CAMBRIDGE, Mass.--(BUSINESS WIRE)--May 4, 2017-- Seres Therapeutics Inc. (NASDAQ:MCRB) today reported first quarter 2017 financial results and provided a progress update on multiple microbiome clinical programs, including three clinical-stage therapeutic candidates seeking to address serious human diseases.

“Seres is making strong progress throughout our broad pipeline of microbiome therapeutics.” said Roger J. Pomerantz, M.D., President, CEO and Chairman of Seres. “Following positive feedback from the FDA, we are working to rapidly initiate the SER-109 ECOSPOR III clinical study, and we expect study start in mid-year. This trial could potentially serve as the basis for the approval of SER-109, which may represent the first approved microbiome therapeutic. In addition, we have advanced our Phase 1b study of SER-287 in patients with ulcerative colitis, as well as our Phase 1b study of SER-262 in patients with primary C. difficile infection. We look forward to a highly data rich period ahead, with readouts from both the SER-287 and SER-262 studies expected in the second half of 2017.”

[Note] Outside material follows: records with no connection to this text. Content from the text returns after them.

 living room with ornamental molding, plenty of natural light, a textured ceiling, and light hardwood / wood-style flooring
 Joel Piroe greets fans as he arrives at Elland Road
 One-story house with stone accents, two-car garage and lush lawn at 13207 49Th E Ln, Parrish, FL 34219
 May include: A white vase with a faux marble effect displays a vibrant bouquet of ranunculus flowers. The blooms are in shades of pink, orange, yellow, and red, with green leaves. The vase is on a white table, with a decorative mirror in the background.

Recent Highlights and Events

  • SER-109 ECOSPOR III clinical study planning following positive Type B meeting with FDA: Seres plans to initiate a new SER-109 clinical study (ECOSPOR III) in approximately 320 patients with multiply recurrent Clostridium difficile (C. difficile) infection. Study participants will be randomized 1:1 between SER-109 and placebo. Diagnosis of C. difficile infection for both study entry and for endpoint analysis will be confirmed by C. difficile cytotoxin assays. Patients in the SER-109 arm will receive a total SER-109 dose, administered over three days, approximately 10-fold higher than the dose used in the prior ECOSPOR study. ECOSPOR III will evaluate patients for 24 weeks and the primary endpoint will compare the C. difficile recurrence rate in subjects who receive SER-109 versus placebo at up to eight weeks after dosing. The FDA has agreed that this new trial may qualify as a pivotal study with achievement of a persuasive clinical effect and addressing FDA requirements, including clinical and statistical factors, an adequately sized safety database, and certain CMC parameters.

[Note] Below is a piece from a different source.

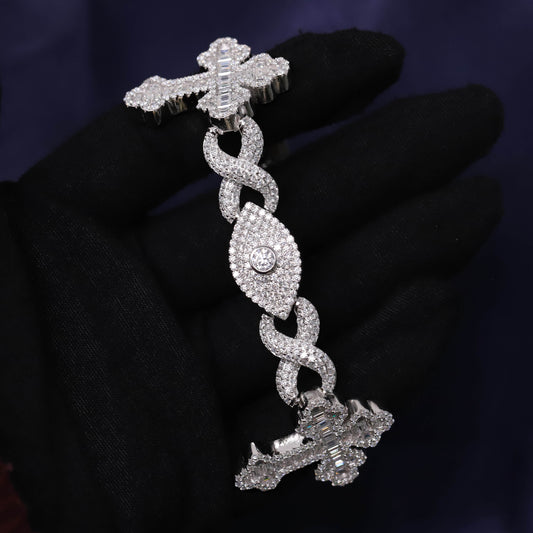 Silver bracelet with intricate design held by a gloved hand against a dark background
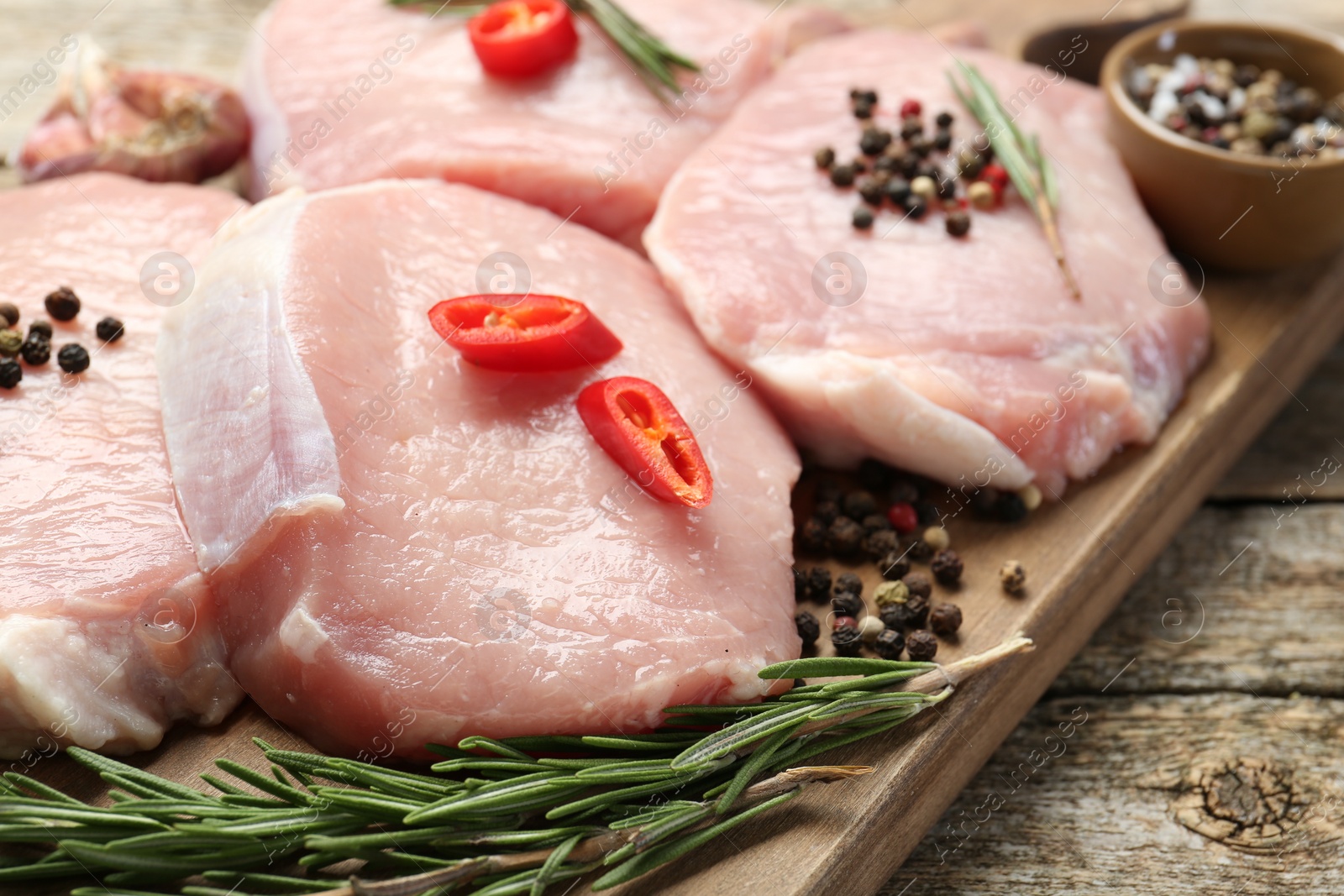 Photo of Pieces of raw pork meat and spices on wooden table, closeup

    The ECOSPOR III study protocol has been finalized, and the protocol has already been cleared by several institutional review boards. Seres has completed substantial clinical site feasibility work and has selected the large majority of ECOSPOR III investigator sites. ECOSPOR III subjects will include C. difficile patients being treated as outpatients, as well as those treated as inpatients located in hospitals, rehabilitation facilities and long term care facilities. Seres plans to utilize over 100 clinical sites in both the U.S. and Canada. The company expects to initiate ECOSPOR III in mid 2017.
  • Medical meeting oral presentation: Michele Trucksis, M.D., Ph.D., Executive Vice President and Chief Medical Officer, delivered an oral presentation: SERES-004: First placebo-controlled trial of an investigational oral microbiome drug (SER-109) to reduce recurrence of Clostridium difficile infection at the 27th European Congress of Clinical Microbiology and Infectious Diseases (ECCMID) meeting in Vienna, Austria on April 22, 2017.
  • SER-287 Phase 1b study progress: Seres is advancing the SER-287 Phase 1b clinical study in subjects with mild-to-moderate ulcerative colitis, failing first line therapies. SER-287 is a biologically sourced Ecobiotic® microbiome therapeutic candidate. Seres activated additional SER-287 Phase 1b study clinical sites and the study enrolled an increasing number of subjects. Study results continue to be expected in the second half of 2017.
  • SER-262 Phase 1b study progress: Seres is advancing the SER-262 Phase 1b clinical study in patients with primary C. difficile infection. SER-262, an Ecobiotic®, rationally-designed, fermented microbiome therapeutic candidate, is the first synthetically-derived and designed microbiome therapeutic candidate to reach clinical-stage development. Additional SER-262 Phase 1b study subjects were enrolled. Top-line data for SER-262 continues to be expected in the second half of 2017.

Financial Results

Seres reported a net loss of $25.5 million for the first quarter of 2017, as compared to a net loss of $19.7 million for the same period in 2016. The increase in first quarter net loss was driven primarily by continued growth in clinical and development expenses as well as increased headcount, and ongoing development of the Company’s microbiome therapeutics platform. The first quarter net loss figure was inclusive of $3.0 million in revenue recognized associated with the Company’s collaboration with Nestlé Health Science.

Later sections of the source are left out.